Een ander punt dat moet worden benadrukt, is de zogenaamde "GevalHebreeuwsPadilla”. Padilla was een Cubaanse schrijver van groot aanzien, die met het boek Fuera de Juego, eindigde de Grand Prix van de Nationale Unie van Schrijvers en Kunstenaars van Cuba, in 1968. Het boek bekritiseerde het regime van Fidel, de vervolgingen van de bevolking en de rigide controle over individuele vrijheden en de economie. Padilla werd veroordeeld en opgesloten in 1971. Op hoger beroep van internationale kunstenaars als Jean-Paul Sartre besloot Fidel Castro Padilla vrij te spreken, op voorwaarde dat hij zich publiekelijk zou intrekken voor een rechtbank. Vernederd deed Padilla dat en ging toen in ballingschap, eerst in de VS en daarna in Spanje.

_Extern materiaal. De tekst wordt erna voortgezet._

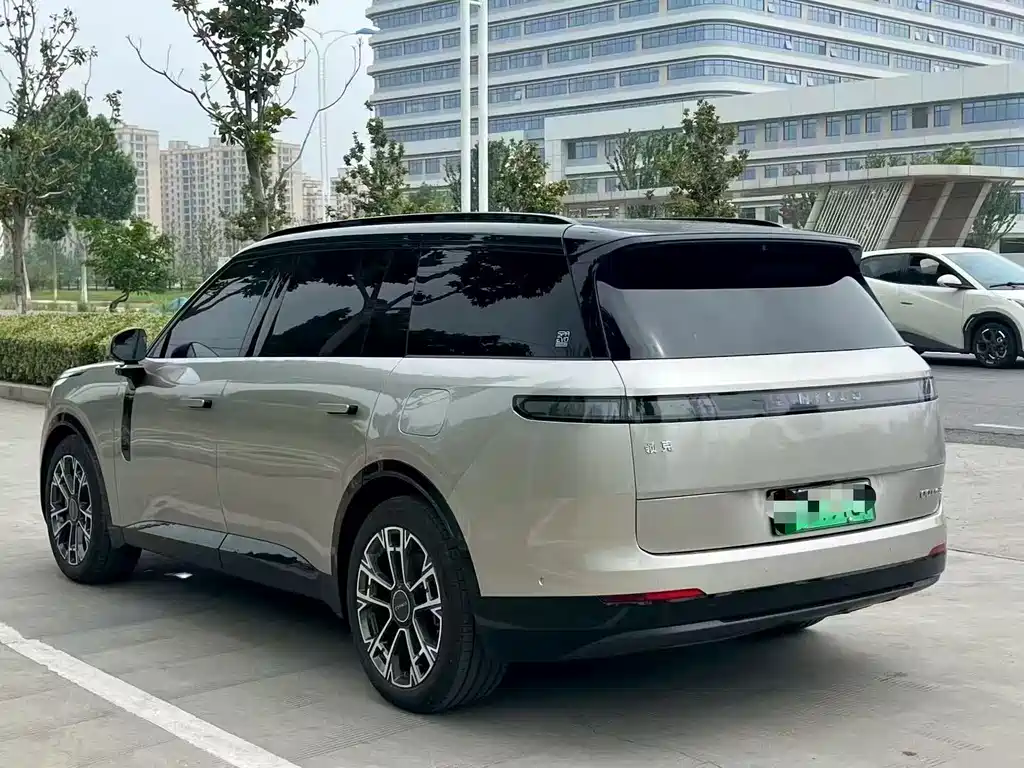 Lynk & Co 900 2025 1.5T Ultra 6 мест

Moordpogingen tegen Fidel Castro
Volgens officiële bronnen van de Cubaanse regering had Fidel Castro in 2006 638 moordpogingen ondergaan. In 2007 heeft de CIA bevestigd dat in dit verband acht operaties zijn uitgevoerd. De gebruikte methoden bestonden onder meer uit: 1) het vergiftigen van een sigaar; 2) langeafstandsgeweervuren; 3) gebruik van pen met pijlgif enz.

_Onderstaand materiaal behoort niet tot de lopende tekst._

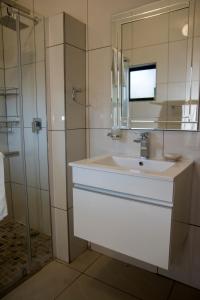 ein Bad mit einem Waschbecken und einem Spiegel in der Unterkunft Gariep Country Lodge in Prieska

Raketcrisis (1962) en Fidel's ontslag (2008)
Andere belangrijke punten die kunnen worden benaderd bij toelatingsexamens en in Enem, zijn: a Raketcrisis, die plaatsvond in 1962, en de Ontslag van Fidel Castro, in 2008. De eerste gebeurtenis bestond uit de wereldcrisis die werd veroorzaakt door de ontdekking, in oktober 1962, van een lanceerbasis voor kernraketten in Cuba, gebouwd door USSR. De basis werd gebouwd kort na Castro's aanhankelijkheid aan het communisme en de contrarevolutionaire poging van verbannen Cubanen die waren opgeleid door de CIA, om Castro van de macht te verwijderen. De raketcrisis was het hoogtepunt van de spanning in de Koude Oorlog, omdat de wereld nog nooit zo dicht bij een kernoorlog was gekomen.
Op 19 februari 2008 trad Fidel Castro af als president van Cuba en liet hij het over aan zijn broer, Raul Castro. Het nieuws werd vrijgegeven door de officiële krant oma, die een brief van Castro publiceerde waarin hij vertelde over de redenen voor zijn ontslag, die verband hielden met zijn gezondheid. Het aftreden van Fidel werd door sommigen gezien als een mogelijkheid voor Cuba om het gesloten en autoritaire regime helemaal te verlaten; door anderen werd het gezien als een mogelijkheid om de basis van dit regime te vernieuwen, met de nieuwe oriëntatie van Raul Castro.
* Afbeeldingscredits: Shutterstock en emkaplin
GRADEN.
[1] KLEINE CABRERA, Guillermo. Mea Cuba. (trans. Josely Vianna Baptista), São Paulo: Companhia das Letras, 1996. P. 270.
[2] CUMERLATO, Corinne; ROUSSEAU, Dennis. Dr. Castro's Island: de in beslag genomen transitie. (trans. Paulo Neves). Sao Paulo: Editora Peixoto Neto, 2001. P. 75.
[3] CUMERLATO, Corinne; ROUSSEAU, Dennis. ibid. P. 79.